Goal of the exercise =
Every line from the one bearing "Pure Georgette Sequin Work Saree" through the last line of the entries should be printed exactly, with no other output.

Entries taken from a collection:
--
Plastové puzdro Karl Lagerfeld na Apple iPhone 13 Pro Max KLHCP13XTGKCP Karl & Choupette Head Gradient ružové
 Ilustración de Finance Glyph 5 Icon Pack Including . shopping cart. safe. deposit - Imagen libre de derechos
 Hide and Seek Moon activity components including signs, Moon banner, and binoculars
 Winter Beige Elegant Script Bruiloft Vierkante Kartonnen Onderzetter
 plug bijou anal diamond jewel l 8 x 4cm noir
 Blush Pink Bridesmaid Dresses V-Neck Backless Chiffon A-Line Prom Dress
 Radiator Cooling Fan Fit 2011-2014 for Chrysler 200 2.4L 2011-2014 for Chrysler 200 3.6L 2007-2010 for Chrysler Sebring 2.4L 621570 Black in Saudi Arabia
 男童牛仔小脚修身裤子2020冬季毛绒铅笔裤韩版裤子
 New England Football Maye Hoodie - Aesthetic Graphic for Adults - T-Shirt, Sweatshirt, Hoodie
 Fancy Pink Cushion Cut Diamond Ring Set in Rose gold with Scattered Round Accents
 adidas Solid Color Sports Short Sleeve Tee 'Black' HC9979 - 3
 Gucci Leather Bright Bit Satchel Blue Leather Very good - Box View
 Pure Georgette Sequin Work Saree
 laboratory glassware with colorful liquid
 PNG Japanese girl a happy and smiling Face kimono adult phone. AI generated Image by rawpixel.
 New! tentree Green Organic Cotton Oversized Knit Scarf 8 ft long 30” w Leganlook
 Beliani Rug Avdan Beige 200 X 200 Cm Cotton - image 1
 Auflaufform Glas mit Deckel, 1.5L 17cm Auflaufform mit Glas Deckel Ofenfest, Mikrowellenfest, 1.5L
--
Response =
 Pure Georgette Sequin Work Saree
 laboratory glassware with colorful liquid
 PNG Japanese girl a happy and smiling Face kimono adult phone. AI generated Image by rawpixel.
 New! tentree Green Organic Cotton Oversized Knit Scarf 8 ft long 30” w Leganlook
 Beliani Rug Avdan Beige 200 X 200 Cm Cotton - image 1
 Auflaufform Glas mit Deckel, 1.5L 17cm Auflaufform mit Glas Deckel Ofenfest, Mikrowellenfest, 1.5L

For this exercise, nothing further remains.